需求控制通风（DCV）有可能通过根据CO2水平替代指示提供的占用水平降低通风率来节约能源。然而，安装、设计或操作不当的系统可能会以牺牲室内空气质量（IAQ）为代价节约能源，或以牺牲能源为代价提高室内空气质量。这些结果可能会破坏原本可行的能源效率措施的形象。本文报告了作者认为的DCV系统设计、安装和运行中的常见问题，该系统使用二氧化碳作为占用水平的替代物。 调查了六个暖通空调系统:两个商业办公室、两个医疗办公室和两个学校环境。对设计图纸、空气平衡报告和当前设备设置进行了调查。四个系统通过屋顶单元控制逻辑进行本地控制，两个系统由中央建筑能源管理系统控制。对设备进行功能测试，并记录系统参数，包括二氧化碳水平、风扇状态和气流温度。 功能测试分为三个系统方面。首先，进行二氧化碳控制信号功能测试，以确认二氧化碳传感器和外部空气挡板定位之间的控制链路已就位。其次，进行传感器布置功能测试，以确认传感器布置能够准确报告控制区的CO2水平。第三，通过检查空气平衡报告来进行室外空气（OSA）水平测试，以确定OSA率，并确认系统符合DCV标准。 研究发现，由于多种原因，没有一个系统能够正常运行，其中一些原因是相互重叠的。非功能性的原因包括传感器放置不当、机械明细表或设计文件中提供的信息不正确、风扇循环问题以及安装不当。将介绍故障模式的详细信息。将解释适当的工程文件要求。将介绍TAB的测试、调整、平衡（TAB）规范和DCV特定要求，以及建筑运营商需要了解的有关系统运行的信息。 引文:内华达州拉斯维加斯ASHRAE会议论文

Demand control ventilation (DCV) has the potential to save energy by reducing ventilation rates in accordance with occupancy levels provided by the surrogate indication of CO2levels. However, improperly installed, designed, or operated systems may save energy at the expense of Indoor Air Quality (IAQ) or enhance IAQ at the expense of energy. These outcomes may have the potential to foul the image of an otherwise viable energy efficiency measure. This paper reports what the authors believe to be common problems in the design, installation and operation of DCV systems which use CO2as a surrogate for occupancy levels.Six HVAC systems were investigated: two commercial offices, two medical offices, and two school environments.

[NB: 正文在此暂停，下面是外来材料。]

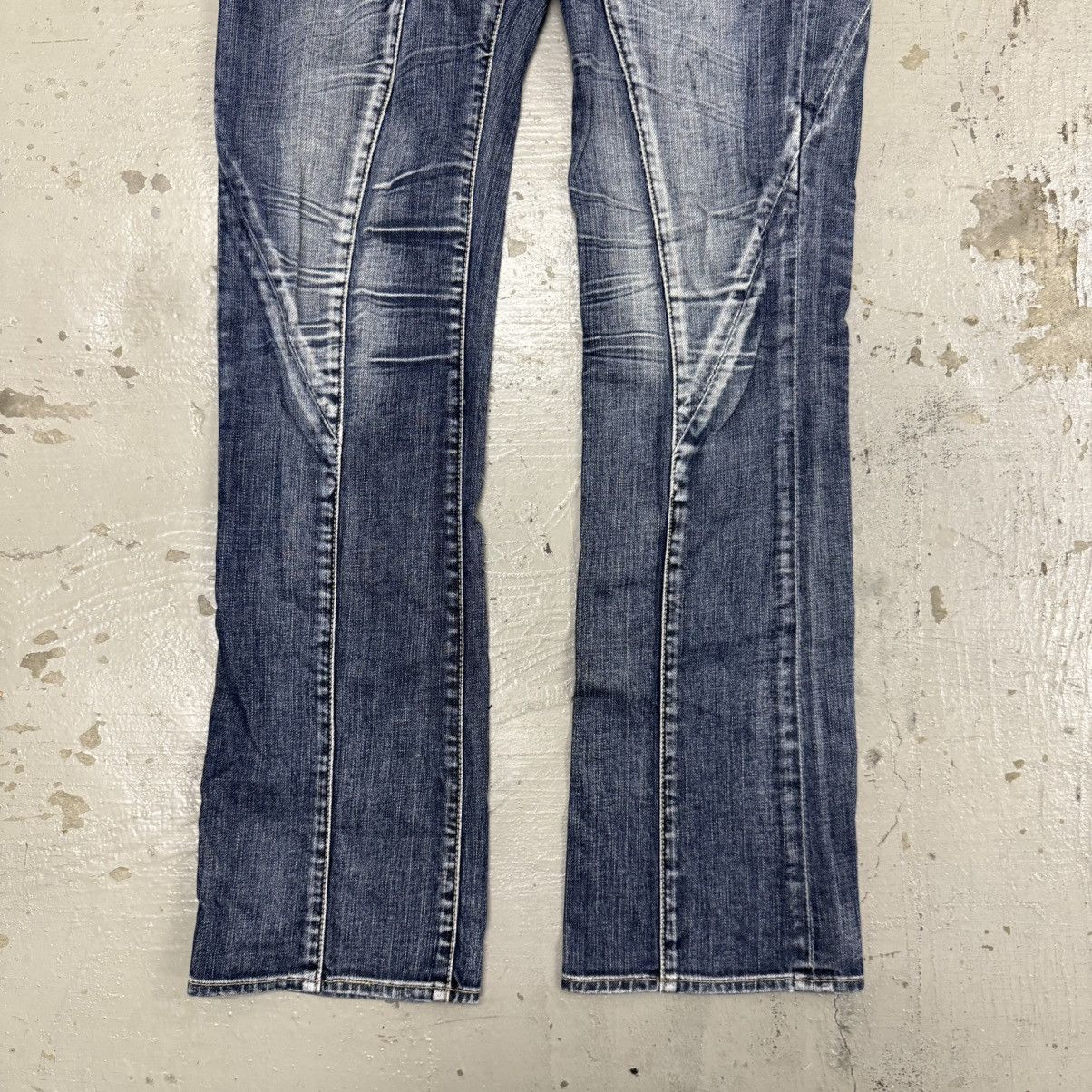 Michel Klein 2000s Mk.Michel Klein Homme Buckle Back Punk Panel Jeans Size US 30 / EU 46 - 4 Thumbnail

The design drawings, air balance reports, and current equipment set up were investigated. Four systems were controlled locally through roof top unit control logic and two systems were controlled by central building energy management systems. Functional testing of equipment was carried out and system parameters were logged including CO2levels, fans states, and air stream temperatures. Functional testing was broken up into three system aspects. First, CO2control signal functional testing was conducted to confirm that the control link between CO2sensors and outside air damper positioning was in place. Second, sensor placement functional testing was conducted to confirm that the sensors placement could accurately report the CO2levels of the controlled zone. Third, the Outside Air (OSA) level test was conducted by inspecting the air balance reports to determine the OSA rates and to confirm that the system was balanced in accordance with DCV standards.The study found that no systems were functioning properly for a number of reasons, some of which were overlapping. Reasons for non-functionality included poor sensor placement, improper information provided in mechanical schedules or design documents, fan cycling issues, and poor installation. Details on failure modes will be presented. Proper engineering documentation requirements will be explained. Test, Adjust, Balance (TAB) specifications and DCV specific requirements for TAB along with information that building operators need to know about system operation will be presented.